A few weeks later, on 19 November 1996, Salemme decided to invite her family to a dinner at her parents' house. In addition to her parents 75-year-old Raffaele Salemme and his wife 72-year-old Marianna Amoroso, her 4-year-old daughter Alessandra, her sister Francesca, her brother-in-law Luigi, and their children, Fabiana and Marco Benvenuto, were also present. Three days later, Salemme was supposed to sign the divorce papers.

That day Valente, after arguing with his wife on the phone at 11 AM, left Formia at 16:30 to reach Buonvicino. Shortly after or during dinner, around 20:30, he entered the house where they were and immediately began to shoot 23 gunshots with his service pistol. First he killed his wife, then his other relatives, in front of the three terrified children. Once the massacre of the adult relatives was over, he warned the children that they would have to leave for a trip with him, but Fabiana threw herself on the lifeless body of her mother Francesca, and was also killed.

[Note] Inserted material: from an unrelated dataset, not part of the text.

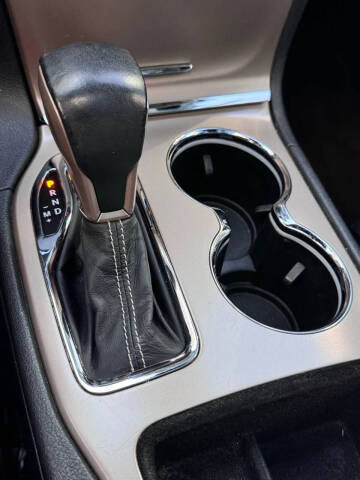 2016 Jeep Grand Cherokee Overland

Valente took his daughter Alessandra and his nephew Marco in his old Audi 80 and they set off north towards Brescia to deliver the two children to their brothers-in-law Giovanni Salemme and Vianella Balzarini who lived in Concesio on the outskirts of Brescia. But at the 143rd km of the A21 motorway near Castelvetro Piacentino he burned out the engine and called a taxi and at 8:00 he reached his relatives' house in Concesio and after about an hour, at 09:00, he decided to hand himself over to the police in Brescia.

===Consequences===
Alfredo Valente was sentenced to 30 years in prison and served 25 years, taking advantage of a small reduction in sentence for good behaviour.

He returned to live in Buonvicino, a short distance from where Marco Benvenuto, one of the two survivors and who in 2021 was 28 years old, was determined to tell his story as today the massacre is now forgotten. In 2021 his cousin, Fabrizia Arcuri, decided to publish a book, written together with the criminologist Sergio Caruso, which traces the entire massacre and the lives of the people involved titled Sangue del mio sangue.

==Bibliography==
- Fabrizia Rossetta Arcuri, Sergio Caruso. Sangue del mio sangue. Roma, Falco editori, 2021. ISBN 978-8894511093.